▶ _Records for the task_

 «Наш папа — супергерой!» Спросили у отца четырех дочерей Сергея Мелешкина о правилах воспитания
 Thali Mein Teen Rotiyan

---

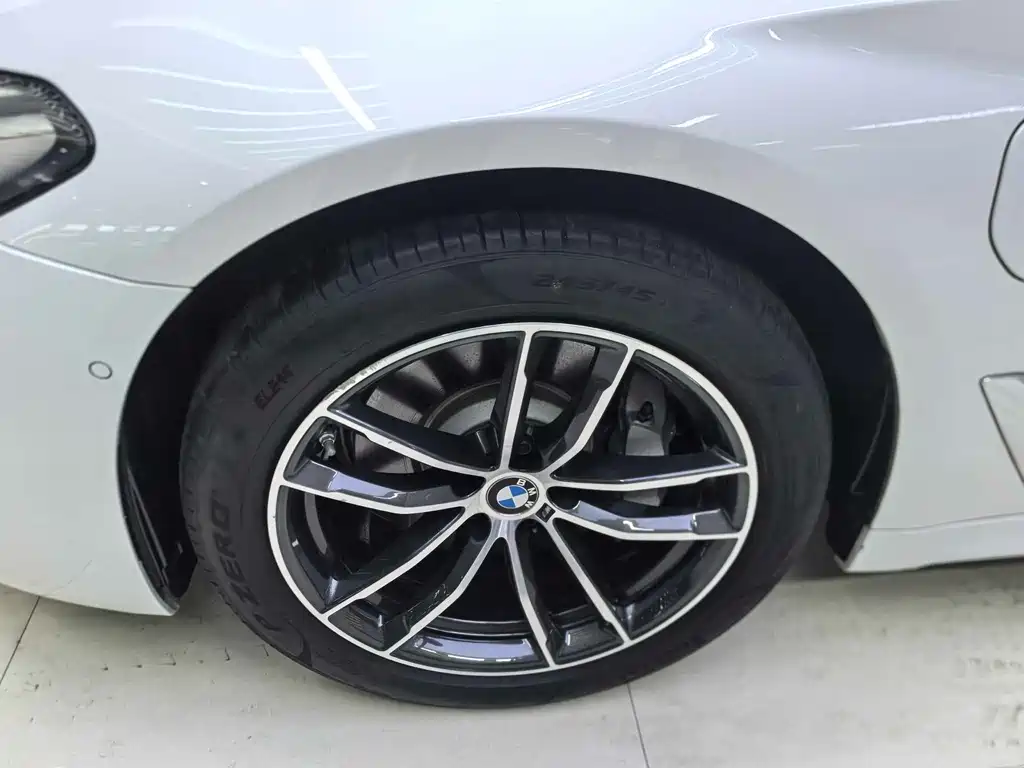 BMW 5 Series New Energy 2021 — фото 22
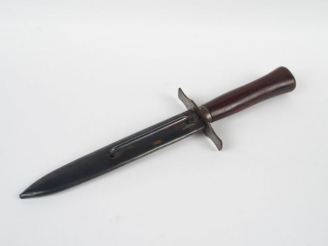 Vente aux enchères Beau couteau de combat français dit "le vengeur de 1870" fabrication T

▶ _Problem details_
With the pictures removed from your copy, retype the lines above from the one that contains "BMW 5 Series New Energy 2021 — фото 22" through the one that contains "Vente aux enchères", exactly.

▶ _Response_
 BMW 5 Series New Energy 2021 — фото 22
 Vente aux enchères Beau couteau de combat français dit "le vengeur de 1870" fabrication T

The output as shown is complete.